A great deal of advances in science, medicine and technology have been achieved by coincidence while researching for something else. It is because of this that it is simply not the case that we would have come to inventing so many things we enjoy today regardless of the space race.
I agree with Kat.
We know what has happened so far and why it happened and Kat agrees with you.
Where she differs is you lot seem to think it is written in stone ...some kind of natural law like gravity ...that we only advance in times of war and stress.
I would imagine the wheel was invented to haul timber and stone.
As for saying American indians weren't civilised I find a bit sad.
Their knowledge of nature was awsome ...their relationship with the earth was wholesome.
If I had a choice of where to live and how to bring my kids up ...I'd rather it be with those indians than with this self destructive and largely meaningless world.
Yes, we would still have technology, but it would have taken a lot longer to get to us, and some of it we still wouldn't have.
Look at the internet, a by-product of a desire to have a secure method of communcation should there have been a nuclear war. Solar power, mostly developed and refined by a requirement for limitless energy for space craft.
We would still have stumbled upon these things at some point, but not as soon or as early as we did.
Besides, my other points about why we need to be in space are just as valid. We're running out of space, we're running out of resources and being confined to one planet means the entire species could vanish in the blink of an eye should some catastrophe befall the Earth. We need to explore and expand, or we die.
Wrong again ...the internet was invented by the colliding hard on crew for exchanging vast amounts of data over huge distances.
It may well turn out to be the most important thing man ever built.
Some people tell me capitalism gives us all these things ...no it doesn't.
You're wrong, dude. The origins of the Internet reach back to the 1960s when the United States funded research projects of its military agencies to build robust, fault-tolerant and distributed computer networks.
Where they are today is all based on the discoveries for a nuclear weapon. Without that, the HC would not be there today. That's what we are saying. Much of our technology comes from research into either war or venturing into space.

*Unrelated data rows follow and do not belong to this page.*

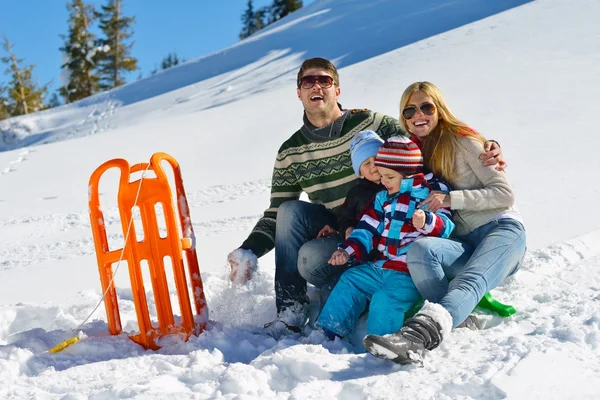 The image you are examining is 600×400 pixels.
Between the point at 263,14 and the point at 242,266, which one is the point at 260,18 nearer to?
the point at 263,14

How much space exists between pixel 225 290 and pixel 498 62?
11.7 meters

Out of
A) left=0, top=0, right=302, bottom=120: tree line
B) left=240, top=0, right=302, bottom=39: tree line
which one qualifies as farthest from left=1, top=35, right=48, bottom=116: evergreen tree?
left=240, top=0, right=302, bottom=39: tree line

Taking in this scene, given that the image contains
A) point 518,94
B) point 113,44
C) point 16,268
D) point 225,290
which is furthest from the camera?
point 113,44

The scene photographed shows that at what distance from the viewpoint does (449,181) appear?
9.68ft

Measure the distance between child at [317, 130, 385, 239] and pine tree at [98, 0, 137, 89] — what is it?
31338mm

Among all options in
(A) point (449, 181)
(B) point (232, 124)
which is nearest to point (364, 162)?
(A) point (449, 181)

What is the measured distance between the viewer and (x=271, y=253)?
4.86 m

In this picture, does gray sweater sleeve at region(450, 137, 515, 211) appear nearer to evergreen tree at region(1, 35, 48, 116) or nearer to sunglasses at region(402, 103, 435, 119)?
sunglasses at region(402, 103, 435, 119)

You crack me up sometimes! Who said that ALL dicoveries or inventions were due to war or space travel?
If you don't need to go into space, fine you don't build rockets. If you need to build the technology that came about as a result of building rockets, but that need to build rockets hadn't been there, the technology would have still been created in direct response to need, rather than as a by-product of rockets.
Also, I find it intellectually amusing to consider the technology that could have been created as a by-product where humanitarian gains were the main objective, like space travel as a by-product of scientific explorations into feeding the world.
Provide a credible alternative theory please?
Well, looks like we all agree to disagree with you.
Well, exactly. So let's fuck war and space travel off and not bemoan the technologies that we might miss out by not engaging in war or space but instead celebrate the technologies that come about from other scientific explorations.